Hay una brutal hecha con alambre de púas: “cocida con el miedo, llena del vacío desolador de aquel que deja atrás todo lo que quiere, todo lo que es. Benjamin abandonaba Berlín, ahora abandonaría Mosul, Alepo o Kunduz”, asegura su autora, Agnes Wo, una de las participantes”[1]. Yo agregaría hoy: o Tegucigalpa, o El Salvador, o Apatzingán, Michoacán.
Tampoco sabemos qué llevaba Antonio Machado en sus maletas, pero sí que cuando murió -en Collioure un mes después de haber dejado España-, se encontró, en un “bolsillo de su gabán, un trozo de papel en el que había garabateado su último verso, un canto al pasado, una rememoración de la niñez perdida: ‘Estos días azules y este sol de la infancia’.”[2]
Y ese verso guardado en un bolsillo me recuerda otras historias como la de Viktor Frankl, con su libro El hombre en busca de sentido cosido al forro del abrigo con el que llegó a Auschwitz. O la del padre del colombiano Héctor Abad Faciolince, en cuyo bolsillo había, en el momento de ser asesinado en Medellín, un papel en el que había escrito unos versos de Borges: “Ya somos el olvido que seremos”. Y ése es el título de la excepcional novela en la que el hijo cuenta la historia del padre al que tanto amara: El olvido que seremos.
La poesía entonces como equipaje, como talismán frente a la muerte. Como los versos de Robert Desnos, escritos en el campo de concentración en que murió:
Tanto soñé contigo que pierdes tu realidad. ¿Habrá tiempo para alcanzar ese cuerpo vivo y besar sobre esa boca el nacimiento de la voz que quiero? Tanto soñé contigo que mis brazos habituados a cruzarse sobre mi pecho abrazan tu sombra, quizá ya no podrían adaptarse al contorno de tu cuerpo. Hace algunos meses hablamos de este poema en este mismo espacio. En esos versos, decíamos, no se refiere a la violencia, ni al dolor ni al hambre, sino que creó en esas circunstancias de muerte uno de sus más delicados poemas de amor.
Las últimas líneas de Machado tampoco hablan del horror sino que, memorioso y nostálgico como suelen ser los desterrados, escribió “Estos días azules y este sol de la infancia”. Se iba como siempre había deseado: ligero de equipaje.
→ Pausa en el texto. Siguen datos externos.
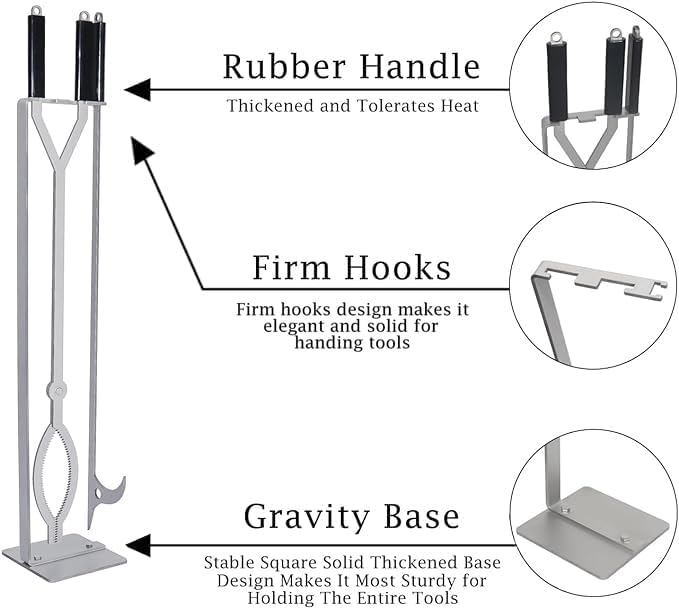 40in Stainless Steel Fire Pit Tool Set with Stand | Sturdy Fire Place Tools with Stand Fire Log Grabber Fire Pit Poker for Campfire Backyard Bonfire Wood Stove Indoor Outdoor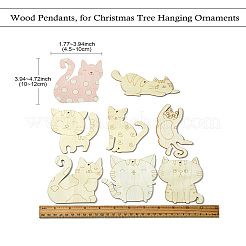 ウッドペンダント  クリスマスツリーの吊り下げ飾り用  バリーウッド  猫の形  45x100x2.5mm  穴：3mm  40個/セット&nbsp;WOOD-CJC0019-07B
María Zambrano llevó consigo el recuerdo de su amigo poeta que caminó junto a aquellos que nada tenían. Eso guardaba en su maleta la filósofa, esa imagen, ese sentido ético de la creación y de la vida misma, ella que vivió la mayor parte de su existencia fuera de España e hizo de la condición de exiliada uno de los núcleos de su pensamiento.
Fui alguien que se quedó para siempre fuera y en vilo. Alguien que se quedó en un lugar donde nadie le pide ni le llama. Ser exiliado es ser devorado por la historia. Y su lugar es el desierto. Para no perderse, enajenarse, en el desierto hay que encerrar dentro de sí el desierto. Hay que adentrar, interiorizar el desierto en el alma, en la mente, en los sentidos mismos, aguzando el oído en detrimento de la vista para evitar los espejismos y escuchar las voces. (Los bienaventurados)
Qué es lo que nos puede salvar de la sensación de ajenidad, de desarraigo.
Material, pero sobre todo simbólicamente, el equipaje del destierro es aquello que logramos salvar del naufragio de la vida; aquello que nos da identidad y pertenencia en su esencia más pura. ¿Qué cargan en él los exiliados, los desterrados, los migrantes? ¿Qué es lo que elegimos llevar con nosotros al abandonar nuestro hogar?
La “nodriza del pensamiento”, llama María Zambrano a la memoria. Perderíamos nuestro ser y nuestro rostro, nuestra historia y nuestros pasos si no tuviéramos memoria. Perderíamos el sentir y la razón, la luz y la poesía. Pero, ¿cómo guardarla en unos cuantos bultos? La memoria es nuestro hogar, como lo era para ese pequeño hijo de españoles que de noche, en el campo de concentración francés, dormía en la maleta de sus padres vuelta cuna, protegido orgullosa y entrañablemente por la bandera de la República.
Me gusta esta historia que la querida Tere Miaja me regaló alguna vez (“Soy contrabandista de historias propias y ajenas”, escribió Jacques Hassoun, y yo suscribo la frase completamente): una familia de republicanos cruza a pie los Pirineos huyendo del franquismo. Después de varias jornadas agotadoras logra llegar a Francia. Allí, la mujer les dice a su marido, a sus hermanos, a sus cuñadas, con tono entre eufórico y misterioso: “Es el momento de celebrar”. En la bolsa que cargó durante días y días había puesto una botella de champán. El único problema era que… ¡la botella estaba vacía! Las carcajadas de todos se mezclaron con las lágrimas que, en el fondo, nunca abandonan a un refugiado.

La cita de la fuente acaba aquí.